A ideia, ao que tudo indica, era diminuir que votassem Lula na região que deu a ele sonora e definitiva vitória no primeiro turno.

Uma diminuição, mesmo que pequena, já poderia garantir a vitória de Bolsonaro no geral.

Se as acusações se confirmarem, estaremos diante de um dos maiores crimes eleitorais - senão o maior - de nossa pobre história.

Some-se a isso a máquina de fake news disparada contra Lula, as inúmeras acusações de votos comprados (Caco Barcellos fez boa matéria a respeito), o uso da máquina pública de forma grotesca e descarada em nome de votos em Bolsonaro (muito ainda precisa ser apurado) e teremos a estruturação de um cenário desleal, ilegítimo e de guerra contra a vitória de Lula - e a favor de Bolsonaro, portanto.

E, ainda assim, Lula venceu.

Mesmo contra todo esse estado criminoso de coisas, a maior parte dos eleitores disse "não" a Bolsonaro.

Disse não ao genocídio, não ao racismo, não ao machismo, não a LGBTfobia, não ao desmatamento, não a pulsão de morte e destruição.

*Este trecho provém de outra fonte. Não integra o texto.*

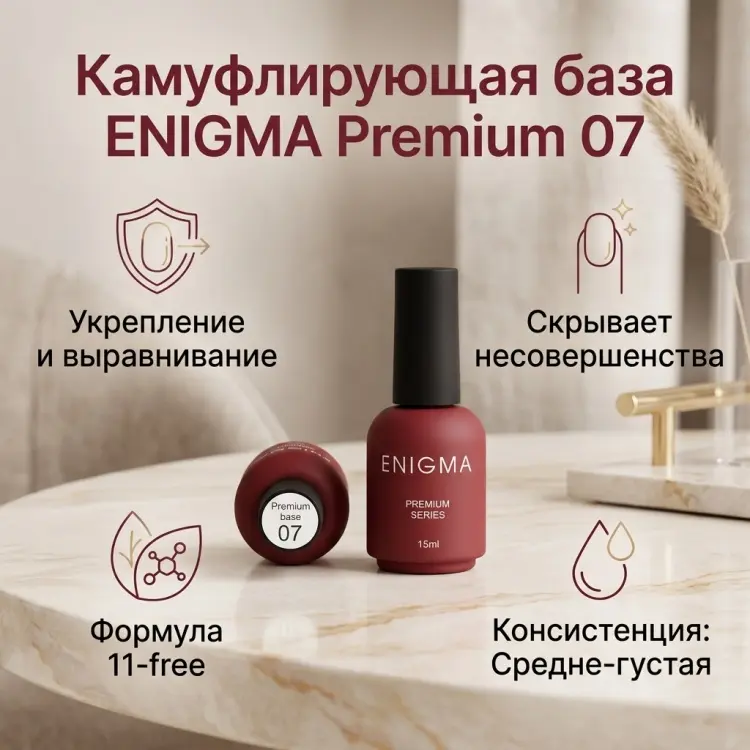ENIGMA базовое покрытие Premium 07 молочный камуфлирующее 15 мл купить,NaN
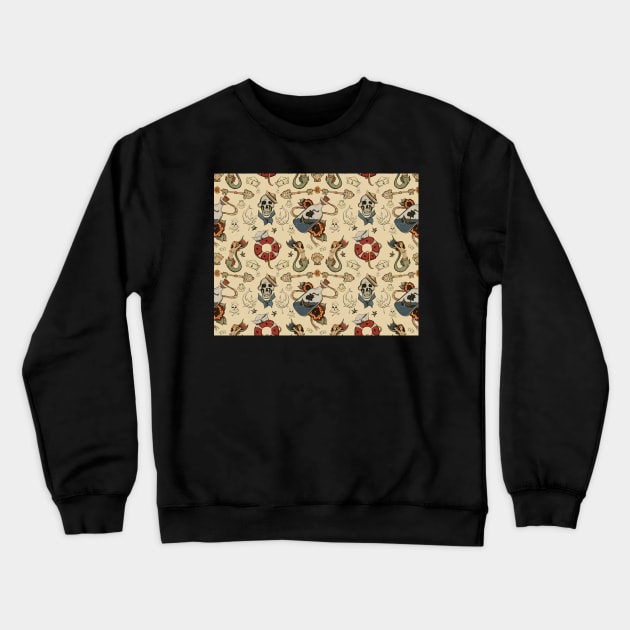 Sea Tattoo Repeating Pattern Crewneck Sweatshirt by IrenesGoodies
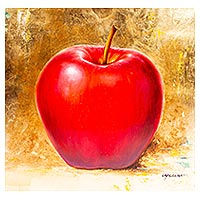 'Una manzana' - Pintura al óleo realista firmada de una manzana roja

Disse sim a uma chance de vida, sim ao direito de sonhar e desejar, sim à dignidade das populações originárias.

Perto dos 100 dias, cobram de Lula e sua turma que entregue mais, que entregue tudo, que façam nascer um Brasil que nunca existiu.

Esquecem-se que há pouco mais de três meses estávamos correndo aceleradamente para o abismo.

Foi uma vitória robusta, uma vitória histórica, uma vitória que revela a exata força não apenas de Lula mas também da aliança democrática e da repugnância a Bolsonaro, seus parceiros e seus métodos.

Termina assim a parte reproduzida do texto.